Reference Counting, Garbage Collection, and Rust

I don't think reference counting is a garbage collector. That does not fit any definition of "garbage collector" I have heard. For example wikipedia:

The garbage collector attempts to reclaim memory which was allocated by the program, but is no longer referenced; such memory is called garbage.

The way I look at it is that Rust does not just leave garbage lying around willy nilly whist it moves on to do something else, expecting something else to find that garbage and recycle it.

Rather memory is sent for recycling as soon as the last reference to it disappears. There is no garbage.

This is an important distinction I think. A garbage collector does its work in the background, garbage may accumulate for a long while before it is picked up. it may never be picked up.

The same Wikipedia article (right?) mentions reference counting as a possible garbage collection strategy: Garbage collection (computer science) - Wikipedia

That said, it's perhaps not the one people usually have in mind, sort of like how OOP usually implies inheritance.

5 Likes

There is also this (relatively unknown) bit of research: A Unified Theory of Garbage Collection (umich.edu).

And the case of Python's garbage collector: Garbage collector design (python.org)

The main garbage collection algorithm used by CPython is reference counting.

2 Likes

Yes, yes. But as far as I can make out that reference counting goes on in Python's garbage collector, which is part of it's run time system

Rust has no such run time system and no garbage collector. Whatever reference counting is going on is compiled into my code because I asked for it by using Rc or whatever. If I don't do that there is no reference counting anywhere.

Does it really matter if the ref counting is implicit or explicit? It's still collecting garbage either way!

Some people mean tracing GC when they use the term GC. Others mean any form of reclaiming unused memory including ref counting, and in fact this is the more correct technical definition. It isn't worth arguing about it, since the term is used in both ways. It's just a term. To avoid confusion you can say tracing GC or ref counting.

4 Likes

Steve Klabnik, 2018: Rust has a static garbage collector.

This isn't particularly on-topic w.r.t. async and arguing terms/semantics helps no one[1]. Rust doesn't have automatic dynamic garbage collection, which is what most people mean when they refer to garbage collection.


  1. Admission: I am not helping that fact with this post. ↩︎

5 Likes

What do you mean? Steve does not use the term "static garbage collector" anywhere in that article.
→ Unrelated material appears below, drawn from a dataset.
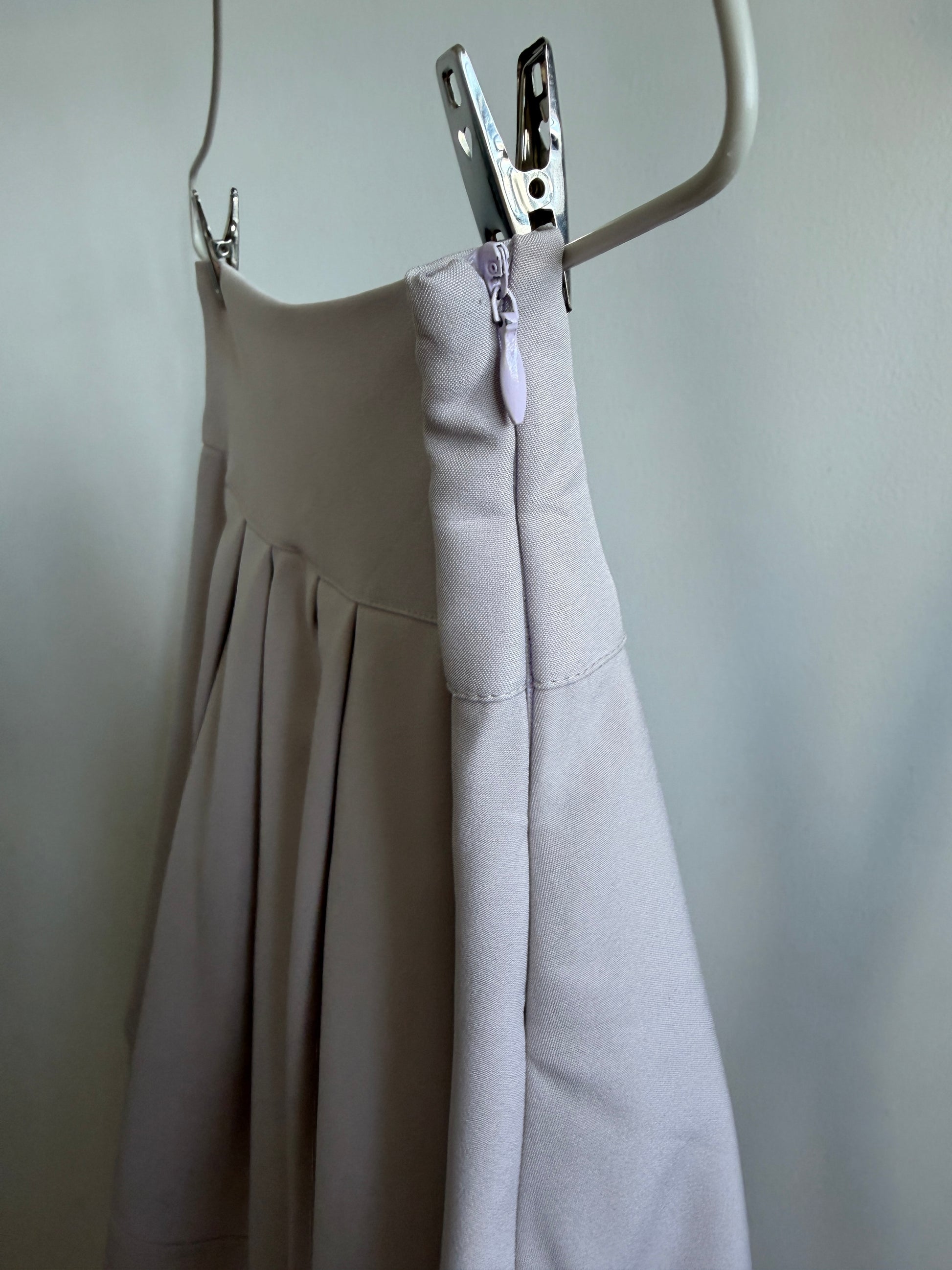A close-up of a light beige pleated skirt or dress hanging from a white hanger, with a metal zipper and silver zipper pull clipped at the waist. The fabric is shown against a plain light gray wall.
I fail to see how Rust can be said to have a garbage collector when all memory is acquired and released when I say so in my program. It does not hang around, like garbage, waiting for a garbage collector to deal with it. There is no garbage in Rust.

Perhaps you are right. So often over the decades I have seen terms that had pretty specific meanings about specific things degenerate into a wishy-washy label for, well, almost anything. Ah well.

Similar to the dichotomy between static and dynamic typing, I think that Rust is proving out a new niche in the concept of garbage collection. That is, historically, we think of GC as something dynamic, that is, it involves a run-time component that does stuff at runtime. However, the idea of automatic memory management doesn’t inherently mean that it has to execute at runtime.

2 Likes

Except there is no garbage collector in Rust. I think the following code proves that:

pub fn make_garbage() -> &'static mut [u32] {
    let v: Vec<u32> = vec![0; 1024];
    let bv = v.into_boxed_slice();
    Box::leak(bv)
}

fn main() {
    loop {
        let x = make_garbage();
    }
}

Here memory is repeatedly allocated on the heap and then all means of accessing it is forgotten. It becomes garbage. Eventually the program will consume all available memory and the program crash (or be killed by the OS I guess). Why? Because there is no garbage collector cleaning up stuff my program has forgotten about.

1 Like

The point is that RAII is a form of garbage collection. It's a form of static garbage collection, and leaking memory is intentionally opting-out from this.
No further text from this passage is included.